Le marché de l’emploi à Montréal-Nord connaît des gains et des pertes
« Tout le Québec subit des fermetures, précise la directrice générale du Carrefour jeunesse-emploi Bourassa-Sauvé, Bouchra Klaoua. C’est une tendance que l’on voit partout, notamment, à cause de la sous-traitance. »
Silvie Lafrenière, co-fondatrice d’Impulsion Travail, remarque les mêmes tendances. Mais une fermeture n’a pas nécessairement le même impact sur un travailleur d’âge plus mature. Elle constate qu’il leur est plus difficile de faire un retour aux études pour développer de nouvelles compétences. « Nous avons affaire à une clientèle non-spécialisée et dans le cas des nouveaux emplois, les entreprises demandent un niveau de scolarité plus élevé et une formation professionnelle », soutient Mme Lafrenière. C’est à se demander si ces nouveaux postes sont comblés par des citoyens de Montréal-Nord ; la conseillère en emploi croit que oui.
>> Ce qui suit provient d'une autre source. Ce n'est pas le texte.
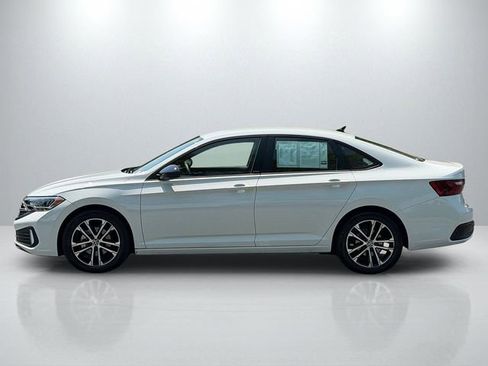 Used 2024 Volkswagen Jetta Sport FWD image 4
« Les grosses compagnies veulent des gens qui sont plus mobiles pour des emplois sur appel, par exemple », dit-elle. Mais celles-ci ne représentent qu’environ 0,6 % des entreprises de l’arrondissement. Près de la moitié des compagnies de Montréal-Nord ont entre un et quatre employés.
« Les petites et moyennes entreprises engagent moins souvent localement puisqu’elles n’ont pas les ressources humaines pour diffuser les emplois, ajoute Alexandra Le Manac’h, agente de liaison au CJE Bourassa-Sauvé. C’est pourquoi il faut sensibiliser les entreprises au fait qu’il y a une main-d’œuvre locale prête et qualifiée à Montréal-Nord. » Les conseillers en emploi encouragent également les jeunes à considérer les entreprises manufacturières situées à l’extérieur de l’arrondissement.
Portrait du marché du travail
Au cours de la dernière décennie, le nombre d’emplois a augmenté sur le territoire, passant de 19 700 emplois en 2001 à 21 044 en 2011. Il s’agit d’un gain de 1274 postes. Pourtant, il y a eu des pertes considérables ailleurs. Derrière le commerce de détail, qui compte pour 19 % des emplois de l’arrondissement, le secteur de la fabrication représente 16, 2 % du total avec 3250 emplois. Il faut tout de même noter que 1625 postes ont été coupés entre 2001 et 2006. La fabrication de vêtements a sévèrement écopé avec un recul de 1065 emplois et la fermeture de 14 établissements. Selon le registre des entreprises de Statistique Canada, l’arrondissement comptait 1411 établissements en 2010, soit 3,9 % de moins qu’en 2009.
Les emplois non-spécialisés disparaissent peu à peu et les effets se font ressentir sur le taux de chômage. Le recensement de 2001 l’avait situé à 11,9 %. Cinq ans plus tard, le taux de chômage avait grimpé à 12, 5 %. Les données permettant d’établir le taux de chômage actuel n’ont pas encore été rendues disponibles par Statistique Canada.